Colorectal surgery protocol leads to decrease in length of stay, readmissions for ileostomy patients

A quality improvement initiative at UF Health Shands Hospital has led to a significant drop in the length of stay and readmissions among ileostomy patients. The intervention specifically targets dehydration, a common complication experienced by this group of patients.

“From the literature, we know that colorectal surgery patients, in general, have poorer outcomes, longer length of stay, higher associated health care costs, greater morbidity and higher infection rates than general surgery patients,” said Atif Iqbal, M.D., an assistant professor in the University of Florida College of Medicine’s division of general surgery. “Patients with ileostomies are at the highest risk for complications within that group.”

In ileostomy patients, dehydration occurs when the body is unable to absorb enough fluids and electrolytes through a shortened digestive tract.

Iqbal, Sanda Tan, M.D., Ph.D., and a group of colleagues launched a project that included 180 patients who underwent ileostomy procedures between 2011 and 2016. The team sequentially implemented a three-part intervention that included a series of post-operative phone calls; enhanced recovery after surgery, or ERAS, specialized order sets; and early discharge protocols.

You have to reach the patient before they get to the point of dehydration,” said Tan, an associate professor in the division of general surgery. “If you can catch them early enough, you can stave off problems. Once they become dehydrated, there are numerous complications that can occur — from nausea to kidney damage.”

In 2011, 65 percent of post-surgery ileostomy patients were readmitted to the hospital due to ileostomy-related complications — dehydration was the main cause in 80 percent of the cases. The average length of stay was 17 days upon first admission and 13.7 days for readmission.

By 2016, patients spent an average of five days in the hospital and 3.8 days per readmission, and the readmission rate dropped to 20 percent. Additionally, the main cause of readmission is no longer dehydration — that number dropped to 12 percent.

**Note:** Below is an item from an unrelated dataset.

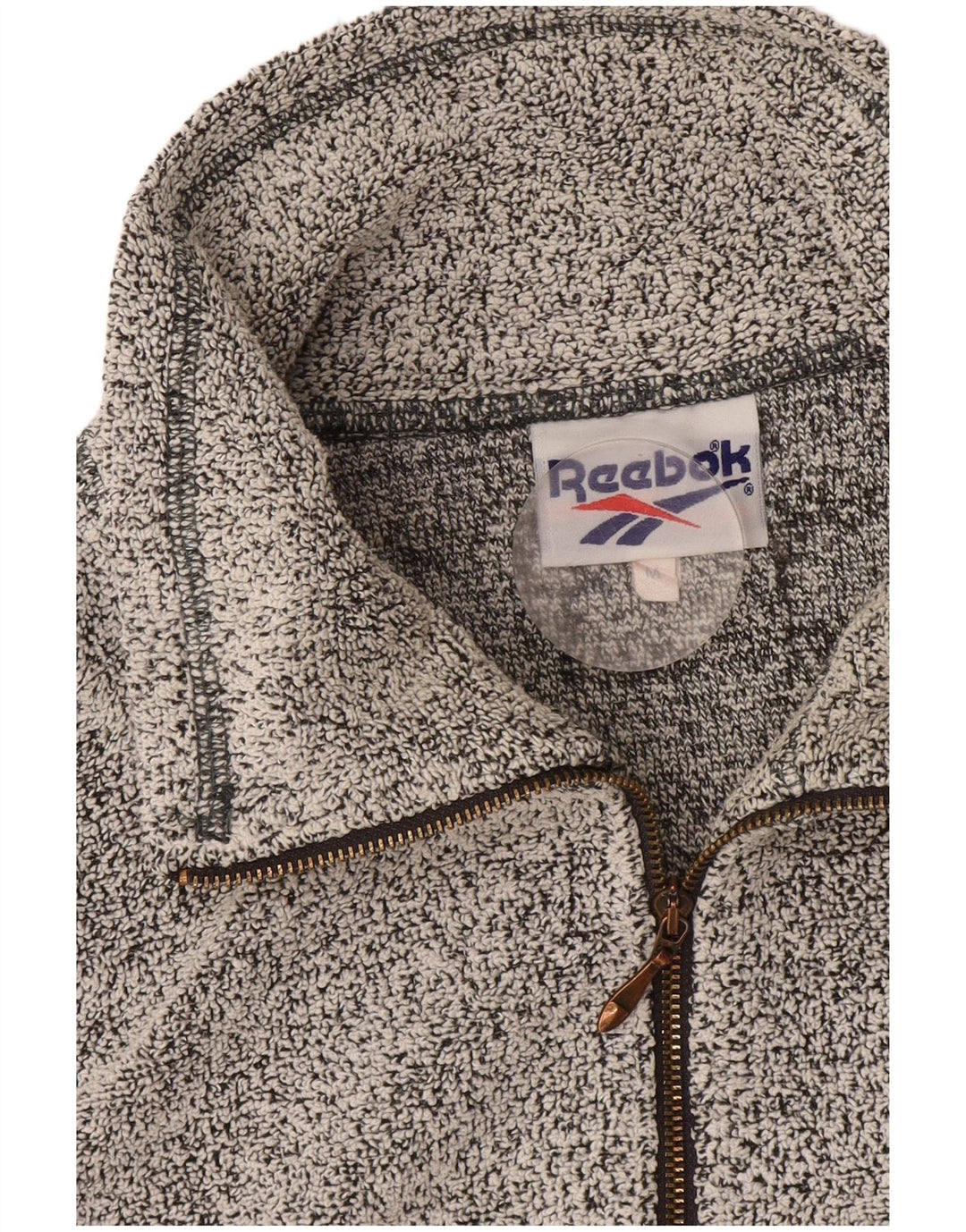Reebok Herre lynlås-hals Top Langærmet Medium Grey Flecked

At the start of the project, patients received daily phone calls from a provider for 21 days after discharge, including counseling and medication adjustments for high ileostomy output. Patients answered a series of health-related questions, providing information about their weight, fluid intake and output and medication use.

“The first phone call protocol was aimed to decrease the readmission rate after ileostomy by identifying and treating those having trouble earlier,” Iqbal said. “We then wanted to address quality of care issues beyond just the readmission rate.”

The ERAS protocol established standardized pre-, intra- and postoperative order sets. “Previously there were none,” Iqbal said.

Additionally, under the early discharge protocol, all patients with ileostomies receive a PICC line for IV infusion — 1,000 milliliters of fluid per night — upon discharge. Those orders are discontinued once the patient achieves a positive fluid balance.

The team is working on an app that will help ileostomy patients keep track of their fluid intake and output, providing real-time feedback and automatically sending updates to the appropriate physicians.

“The patient will get feedback from the app with a warning that they’re headed for dehydration and instructions to avoid that complication,” Iqbal said. “We hope this application will help us, as providers, communicate with our patients more effectively and identify folks who may fall off the grid sooner.”